I’ve begun to suspect that I am not able any longer – if I ever was – to be impartial when reading these books. You see I really love reading them. Lately I’ve been thinking a lot about that and why that might be. Viewed from a purely analytical standpoint I don’t know why I like them. Robert Jordan’s writing is verbose to the point of lunacy. The details are so exquisite that they make you want to tear out pages in order to thin the book down to its natural size.

In mathematical terms these books are in some definite need of normalization.

I wondered if I felt an emotional attachment to these books as some kind of nostalgic gripping of fond memories past, much like – dare I say it – the way I love Star Wars or adult women seem to love the oh-so-creepy Twilight books – on second thought the Twilight thing is just weird and appalling, not the same thing at all. (Star Wars truly is a thing of my past that I love without letting myself think too hard about what is being said or done with the writing and story. That’s a discussion for another time, however.) That particular theory didn’t hold under even rudimentary scrutiny, though. I read Terry Brooks when I was younger and can’t even get through one of his books now. David Eddings I found to be immensely entertaining as a boy but painfully repetitive as an adult. Even Orson Scott Card’s Ender’s Game that I’ve read a dozen times at least wasn’t as good the last time I read it. In short, my nostalgic feelings attenuate rather rapidly when propagating in free space.

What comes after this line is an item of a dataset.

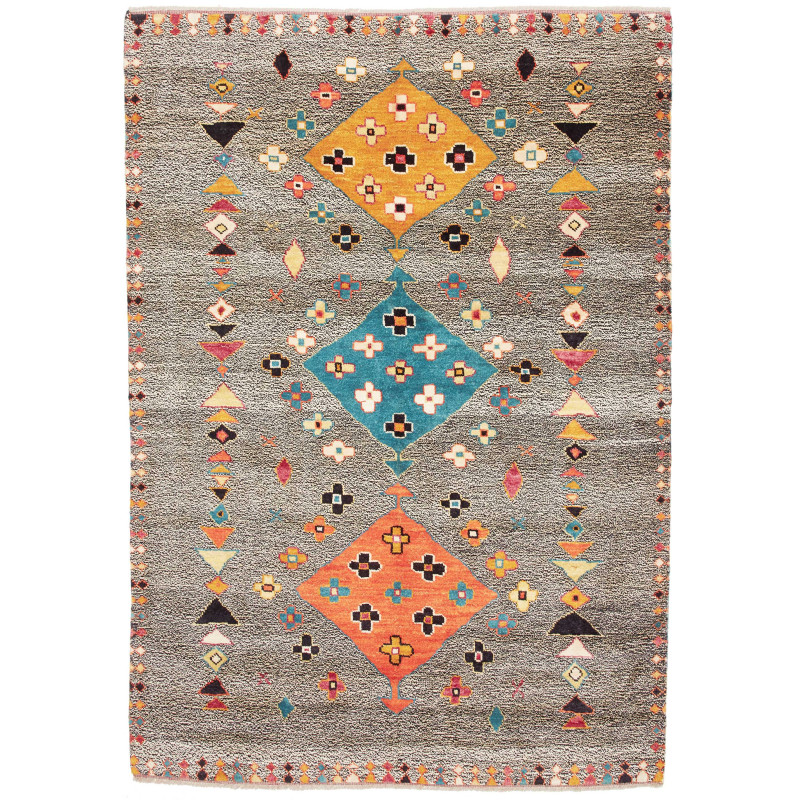 Rug Gabbeh Marrakech Pakistan 175x252 Grey Mult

Over the years, my relationship with the Wheel of Time books has run through a very definite series of ups and downs. If it were plotted on a graph I’m sure it would look very much like a sine wave but it really hasn’t been long enough to make that conclusion with any certainty.

Knife of Dreams is officially (by me) subtitled ‘the one where things finally start to happen’. In fact so many things start to move along that it almost feels artificial, but with the glacial pacing of the last several books I don’t hear anybody complaining. Nearly the last half of the book is moving characters along in their story arcs, and with this many characters that means it happens fast.

Mat and Tuon have the second real relationship in the entire series – even if it is a little strange because of their circumstances. Mat also finds out why Thom Merillin is still hanging around in the story and what purpose Olver serves for the plot. Perrin and Faile finally wrap up that whole fiasco they’re in. Elayne ends her nearly as terminally long succession plotline. Rand fulfills another prophesy that was given all the way back in book one – there are a lot more of these than you might think.

Some of the criticism that Jordan gets for his books is fair. Many of the gender relations are hokey at best and downright creepy at worst. Jordan seems to think that women don’t respect a man who doesn’t yell at them, stare at other women and spank them when they’re being especially out of line. I have a difficult time seeing that working out for very many people. On the other hand Jordan is very good at showing women who are powerful just because they are (instead of making them strong ‘even though they are women’).

One of the other complaints often leveled at Jordan is that he didn’t know what he was doing and made it all up as he went along. It is really hard to plot and plan one book so that it feels cohesive from beginning to end. It’s nearly impossible to make it look like it was well planned if it wasn’t already. Try writing just a short story sometime without planning anything out and make sure that you use Checkov’s gun and foreshadowing appropriately. Also make several of your characters prophetic so that you can give hints about future events and do it without making an outline. Jordan did this with a series of 14 books. That’s not a feat that you just tackle without notes or at least knowing where it’s going from the beginning.

I think what it comes down to is that where Jordan succeeds is in his ability to create truly heroic moments. He has a magical ability to recreate myth and legend in all its fantastical glory and make it feel real, like it could have happened that way. On a cursory level these books are just an over long fantasy series. At a deeper level they are a compilation of myths and legends interspersed with hidden clues to the past and future of the world.

Knife of Dreams is a Robert Jordan novel with all the flaws that he’s had all along. But it’s also got all the things he does right in copious amounts. Action, battle, and characters being awesome (Nynaeve seems to get the most of those but Mat and Perrin also have their fair share and Elayne even pulls through in the end.)

After this book I feel like maybe it will all turn out to be worth it after all. The Last Battle is coming and the good guys are woefully ill prepared.